Banner Image

Insights

Previous

You know too much

18 July 2024

Hard to believe, but there was a time when you knew nothing about investing.

You still had to learn that falling yields meant rising bond prices; that equity investing is not just about earnings; that leverage works both ways; or that cryptographic hashes link blocks in the chain.

Since then, thousands of hours spent reading, thinking, and talking about investing have deepened your understanding and insight to a level that would astound your former self.

Today, the success of your investment strategy now depends on that accumulated knowledge. But when it comes to marketing that same strategy, what you know can work against you.

A bias to remember

The Curse of Knowledge is a cognitive bias that occurs when a person assumes that others have the same level of understanding as they do.

In the context of marketing an investment firm, the curse primarily manifests in jargon-heavy, complex explanations, particularly around investment strategies and processes.

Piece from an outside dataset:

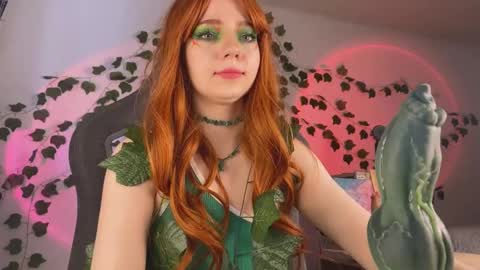 Mariel Gold online show from December 5, 7:29 am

It’s not that your audience won’t understand you. Allocators are smart. It’s that the harder you make them work to understand, the higher the chance they disengage. So, if there is a simpler way to say something, choose that path.

The curse in action

"The fund's investment strategy employs a top-down macroeconomic approach, utilizing a proprietary algorithm that incorporates a Bayesian regression model to account for non-linear relationships between economic indicators and stock returns, and a GARCH-class volatility model to dynamically adjust exposure to market risk."

No CIO would ever speak those words. That’s a good litmus test for whether copy needs a rewrite. Below is a simpler, more human version.

"Our investment strategy performs deep macroeconomic analysis on the global economy to uncover dislocations in the US stock market. We use an algorithm, developed and trained in-house, to help us identify opportunities, finesse timing, and manage risk."

How to manage the curse

Because you’re so immersed in what you do, it can be difficult to notice when you’re sliding into technical territory. Here are a few hacks that should bring clarity to your writing:

  • Read your copy out loud. Reword any sentences that are difficult to say or that sound like no human would ever speak them.

  • Allow your copy to breathe. With time and space between you and your words, jargon and over explanations tend to stand out more clearly.

  • Get feedback. Ask a friendly investor or outsider you trust to read your copy and highlight any sentence or paragraphs they found difficult to get through.

The Curse of Knowledge can have a significant impact on the effectiveness of your investment marketing material. By being aware of the bias and using the above steps to keep things simple, fewer people will stop reading your stuff.